La difficulty del mining di Bitcoin è appena scesa di quasi il 28%, in un processo che è assolutamente naturale per il protocollo e che è stato studiato proprio per superare momenti di impasse che sono legati, in questo caso, ad un calo dell’hashrate complessivo del network.
Un evento conseguente alla fuga dei miner dalla Cina, con il protocollo che reagito con gli (ottimi) strumenti che ha a disposizione. Da oggi sarà del 28% circa più facile risolvere un blocco.
Una notizia che non deve destare alcun tipo di preoccupazione, perché in realtà siamo davanti ad un funzionamento più che normale del network – che ha dimostrato ancora una volta di essere estremamente resiliente e, come ci ricordano spesso i massimalisti di Bitcoin – praticamente impossibile da buttare giù.
Una notizia che riteniamo essere estremamente bullish, ovvero rialzista, perché è un’altra delle dimostrazioni di forza di Bitcoin e della bontà del funzionamento del protocollo. Possiamo puntarci tramite eToro (qui per un conto demo gratuito), intermediario che offre Bitcoin sia in modalità diretta, sia tramite dei CopyPortfolios, che includono al loro interno anche stocks di aziende che operano nel comparto. E per chi non vuole o non sa crearsi una buona strategia, con il CopyTrading si possono copiare i migliori (o anche soltanto spiare nelle loro operazioni).
In realtà siamo nell’aspetto più tecnico di Bitcoin, per una delle questioni fondamentali che ne permettono il funzionamento. Bitcoin ha al suo interno infatti un meccanismo che rende più facile o più difficile per i miner risolvere un blocco, cercando di mantenere una media intorno ai 10 minuti per la creazione di un nuovo block.
Al variare dell’hashrate di cui il network può disporre – ovvero della potenza dell’hardware complessiva che sta minando – questa difficulty viene aggiornata, tenendo come ritmo 2.016 blocchi, che storicamente vengono prodotti in circa 2 settimane. Con qualche eccezione, perché ultime settimane il ritmo si era parecchio alzato, passando dai circa 10 minuti di media fino a quasi 14.
Dietro questo aumento delle tempistiche c’è stato circa il 30% di hashrate che si è liquefatto a causa dei nuovi attacchi della Cina che hanno portato le imprese che si occupavano di mining a trasferirsi altrove. Operazioni che sono lunghe e dispendiose e che hanno lasciato Bitcoin senza poco meno di 1/3 del suo hashrate.
Situazioni per le quali però il protocollo è pronto e reagisce con dei meccanismi come quello dell’aggiustamento della difficulty. Che anche questa volta ha funzionato alla perfezione.
Questo è quanto i meno esperti faticano a comprendere. Ed è alla base della grandiosità di Bitcoin e della sua capacità di essere praticamente eterno. Possiamo considerare, senza alcun timore di essere smentiti, la cacciata dei miner dalla Cina come il più grande attacco tecnologico di sempre a Bitcoin, con il protocollo che si è trovato nel giro di pochissimi giorni a perdere circa il 30% del suo hashrate, e dunque dei calcoli che ne garantivano la sicurezza e il funzionamento.
Bitcoin è però uscito completamente indenne: non ci sono stati blackout, malfunzionamenti, impossibilità di fare transazioni o altro.
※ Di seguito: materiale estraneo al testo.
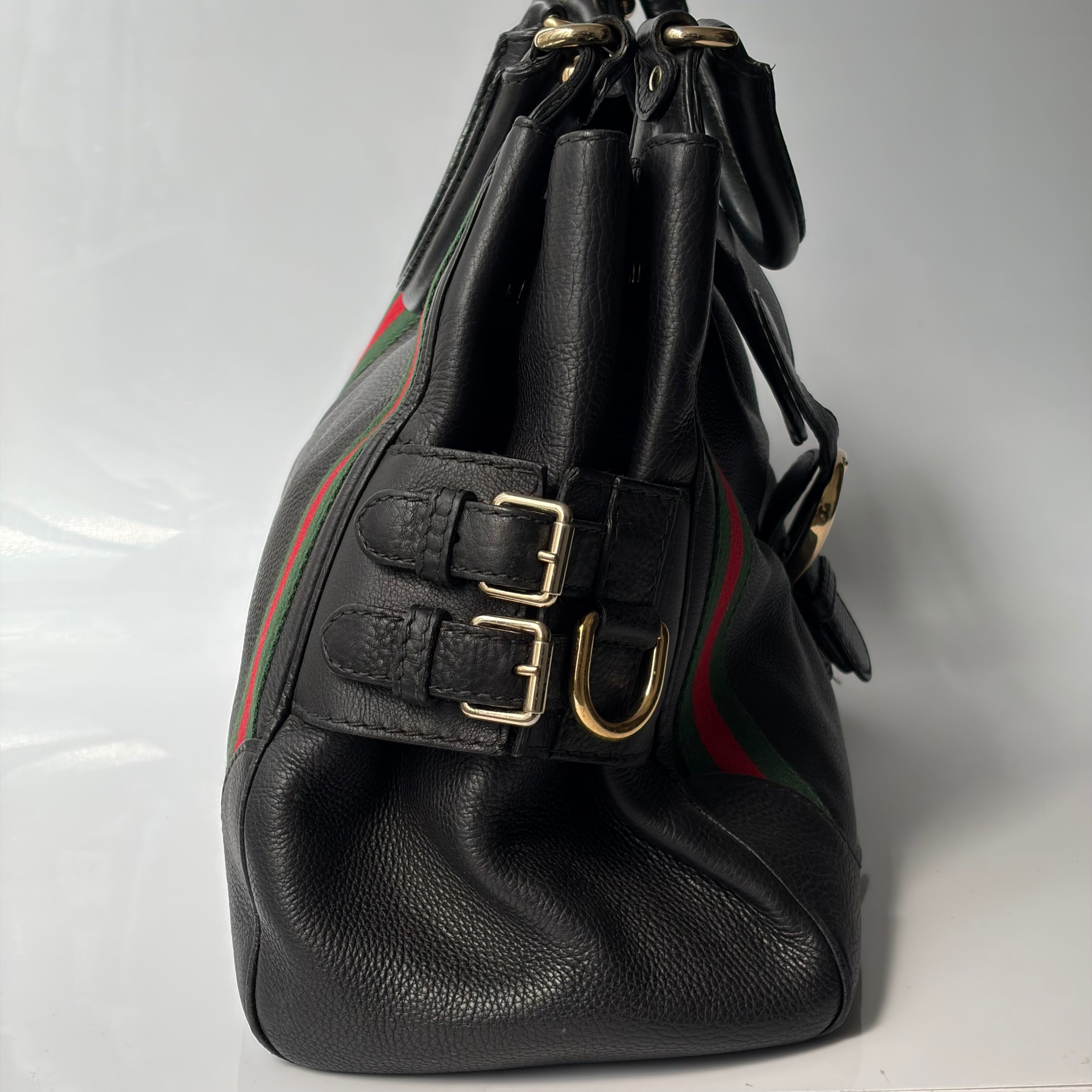 Gucci Heritage Stripe Leather Bag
E verrebbe da chiedersi invece cosa accadrebbe nel caso in cui network come SWIFT, o anche quelli per i pagamenti digitali, si trovassero dall’oggi al domani con il 30% di network in meno.
Per chi guarda a Bitcoin sul medio e lungo periodo non dovrebbero esserci problemi di sorta ad investire oggi. Come d’altronde ricordiamo nelle nostre previsioni Bitcoin, BTC ha davanti a sé un futuro molto roseo, anche alla luce di questo suo funzionamento… perfetto.
Qualcosa che riteniamo evidente ancora di più oggi, quando tutto procede come sempre e come da copione, nonostante il più grande aggiustamento di difficoltà della storia del progetto. Ci vorrà ben altro per buttare giù una delle migliori scoperte dell’uomo.